5.4.1 BLR Factorization.
In Table
3, we present the execution time and memory consumption of four iterative refinement variants using low rank BLR factorization for different values of the compression threshold
\(\tau _b\). All variants provide a forward error on the solution equivalent to the one of DMUMPS. If
\(\tau _b=\) “full-rank,” then the factorization is run without BLR, this is a standard factorization as in Section
5.3. It should be noted that in this case the double-precision factorization LU-IR variant is equivalent to DMUMPS, and we will refer to it as DMUMPS in the text. We denote by “—” the cases where convergence is not reached and, for each matrix, we highlight in bold the execution time and memory consumption that do not exceed by more than 10% the best execution time or memory consumption.
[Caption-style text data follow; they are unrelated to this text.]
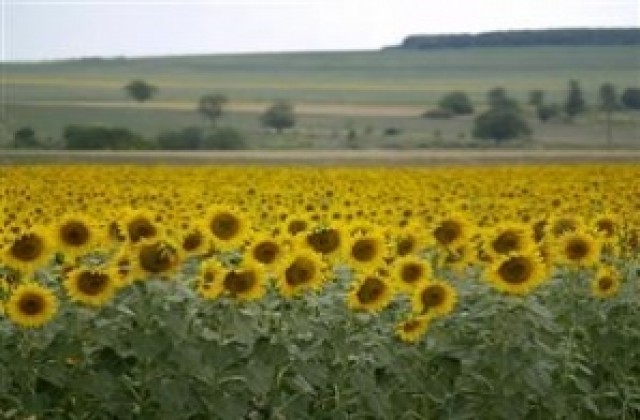 Прибраха слънчогледа в Сливенско, започва сеитбата на есенниците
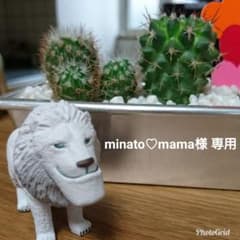 みなとmama様 専用のサムネイル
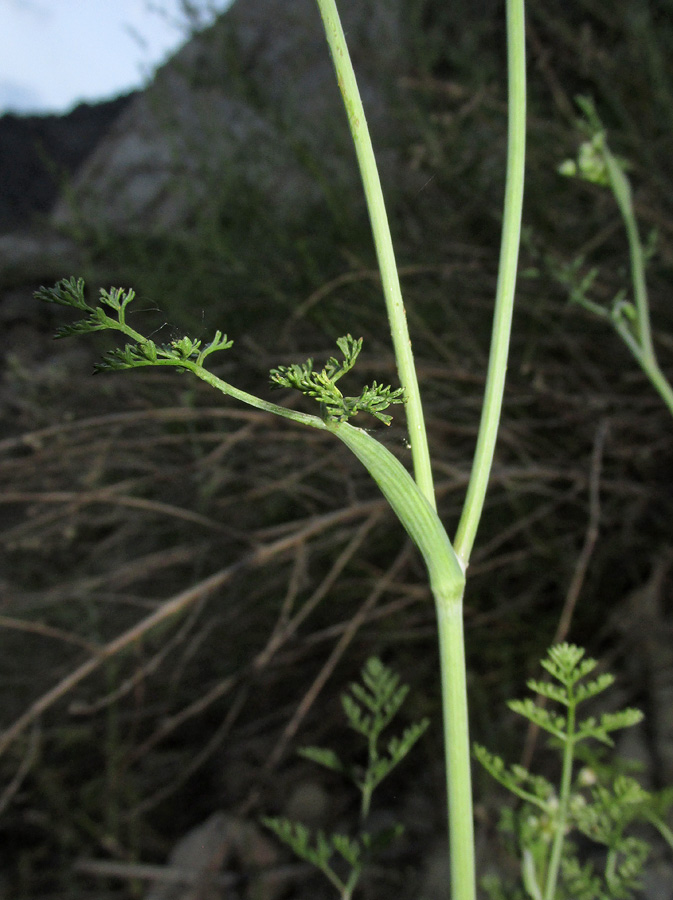 Изображение особи Astrodaucus orientalis.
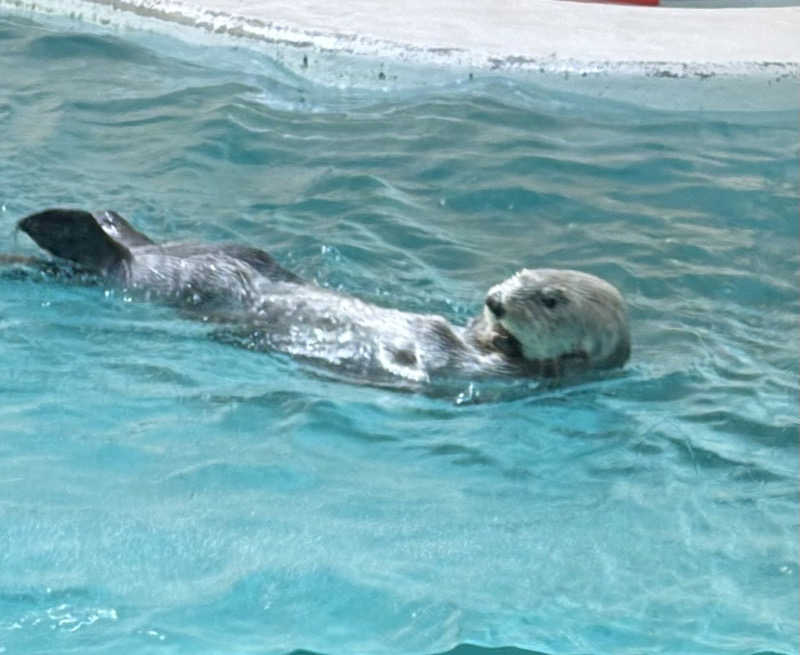 かなさんの錦水湯のサ活写真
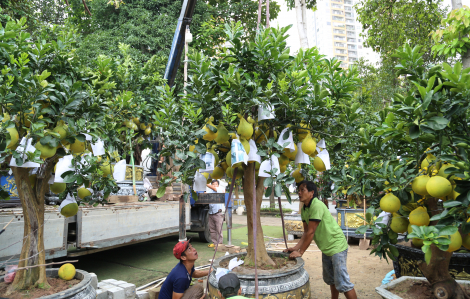 Bưởi Diễn đổ bộ vào TPHCM ‘đón’ tết sớm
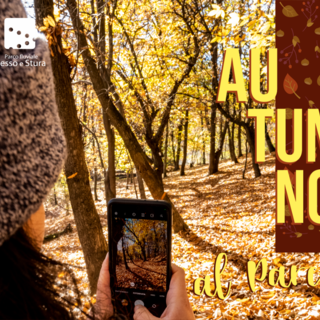 Ottobre al Parco Gesso e Stura: un mese tra arte, natura e creatività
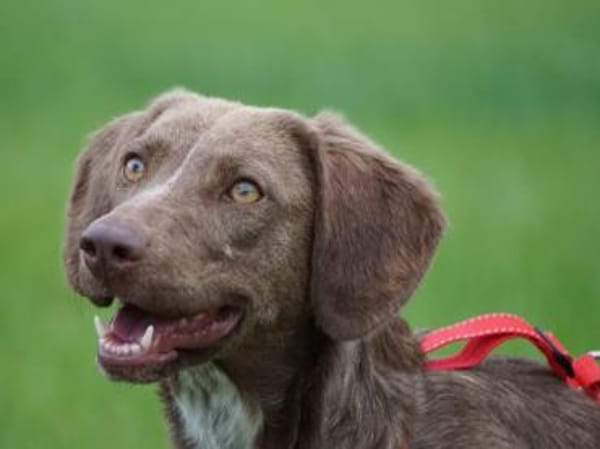 Lola sucht sportliche Menschen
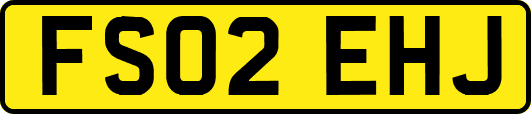 FS02EHJ
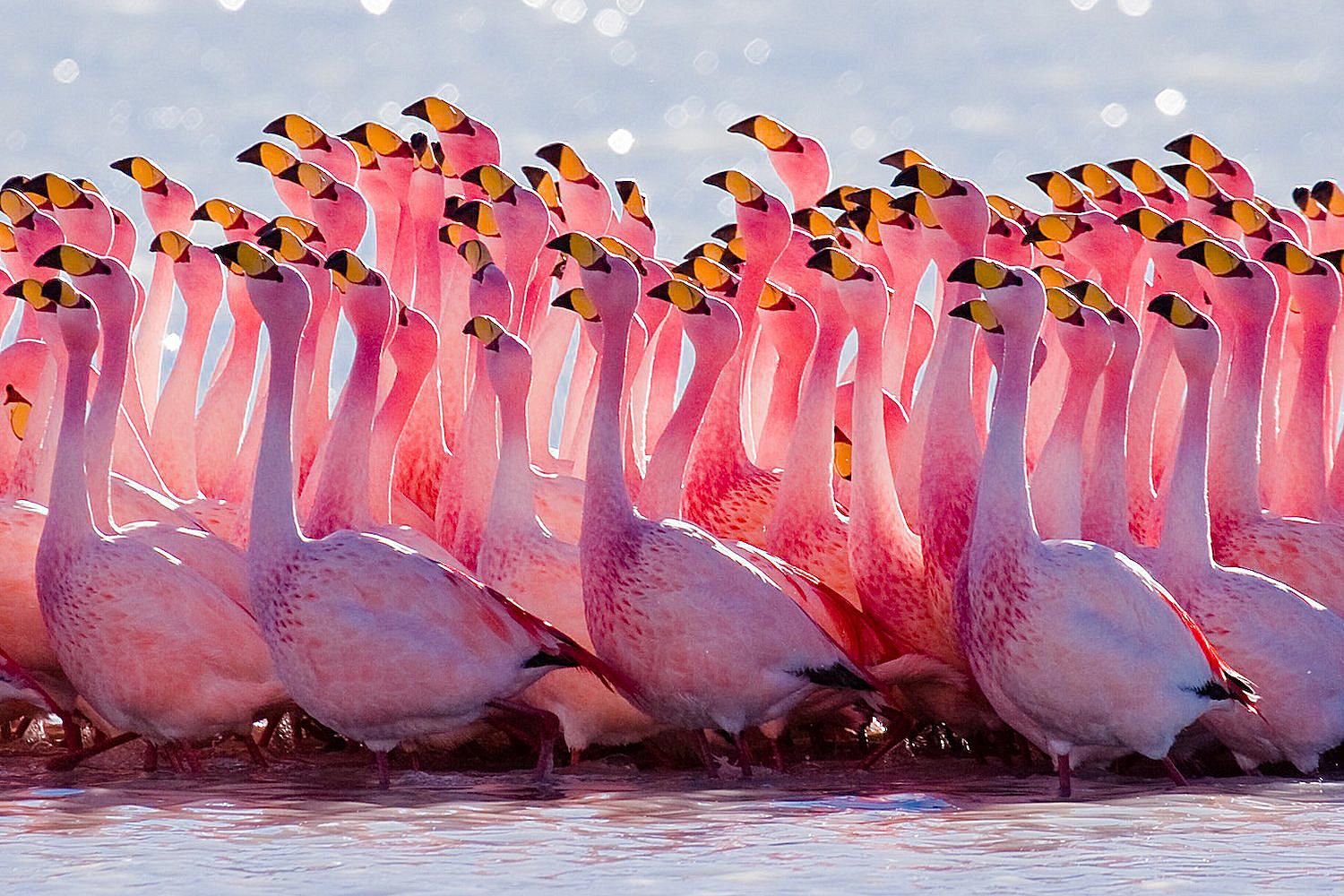 Names of Flamingo Species List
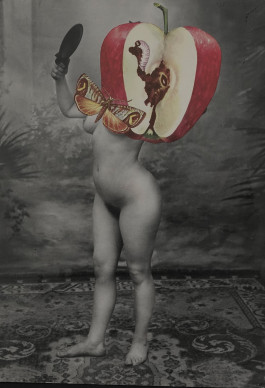 KIRSTEN BECKEN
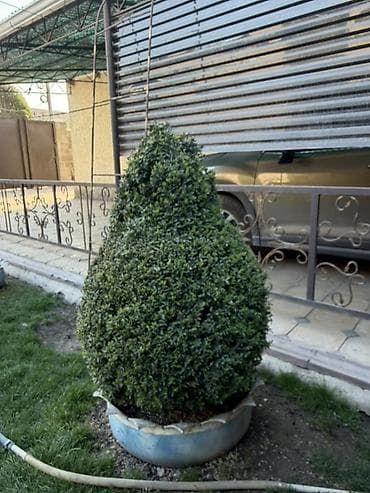 самшиты круглые: Самшит (Buxus) – декоративные кусты и сформированные топиарные формы — 1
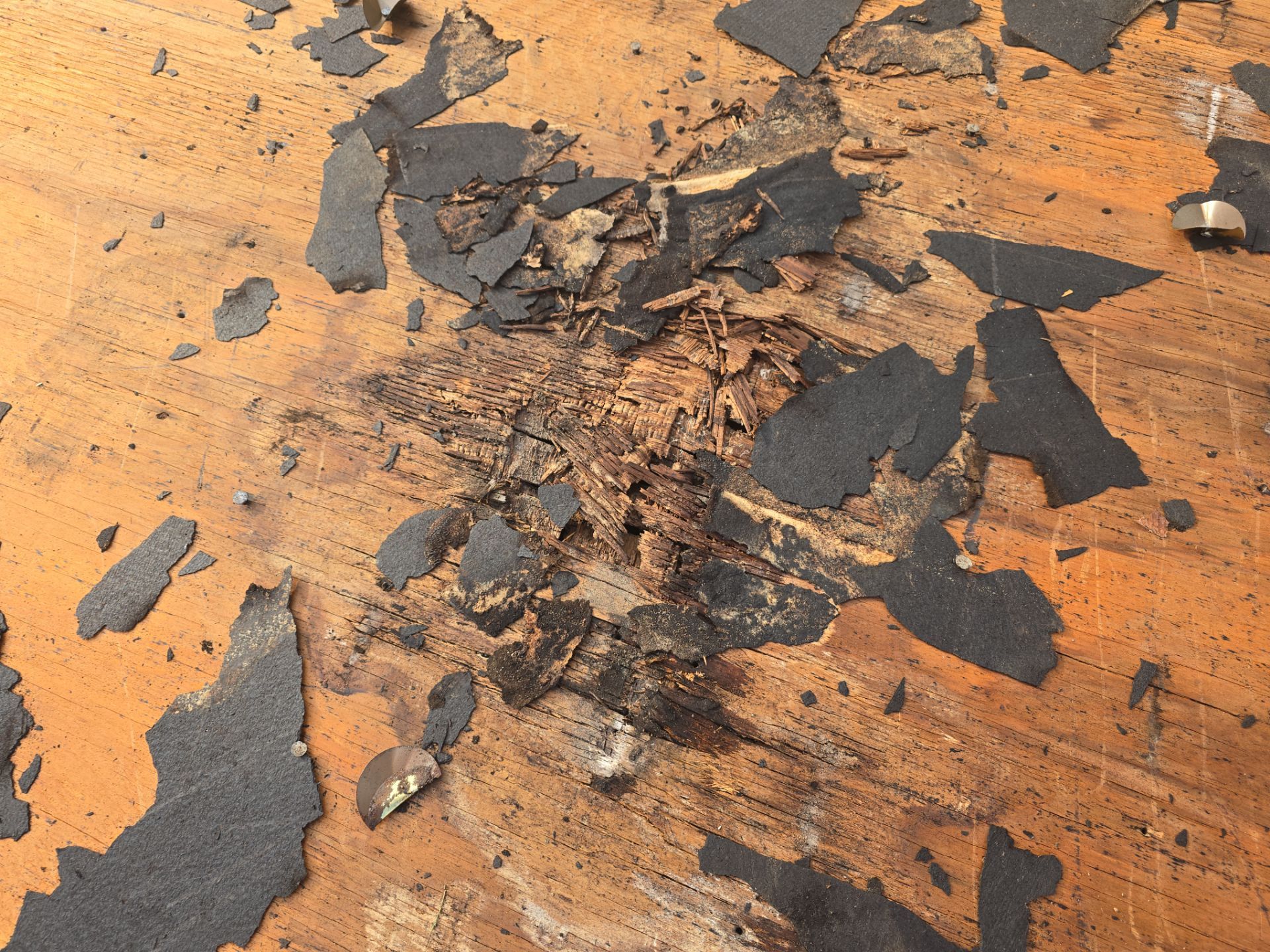 Roof Replacement Pasadena by Roof Repair Company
We choose to work with the default BLR settings of MUMPS, in which case the data in the active memory is not compressed with low rank approximations. It should be noted, however, that MUMPS also offers the possibility to compress the data in the active memory; this would result in additional memory savings, but will badly affect the execution time, because it adds the compression overhead without reducing the operational complexity.
The experimental results of Table
3 are in good agreement with the theoretical convergence conditions of Theorem
4.1 developed in Section
4. We can clearly see how the robustness of the presented variants is related to both the condition number
\(\kappa (A)\) of the matrix (specified for each matrix in Table
1) and the BLR threshold
\(\tau _b\). Convergence is not achieved for excessively large values of the BLR threshold; the largest
\(\tau _b\) value for which convergence is achieved depends on the matrix condition number and, in general, it is smaller for badly conditioned problems. In the case of GMRES-IR variants, which are more robust, the BLR threshold can be pushed to larger values without breaking convergence. Note that there is no situation where a variant does not converge when in theory it should (that is, when the convergence condition is met). However, as the theoretical convergence conditions in Theorem
4.1 can be pessimistic, there are several cases where convergence is achieved even though the theoretical convergence condition is not met.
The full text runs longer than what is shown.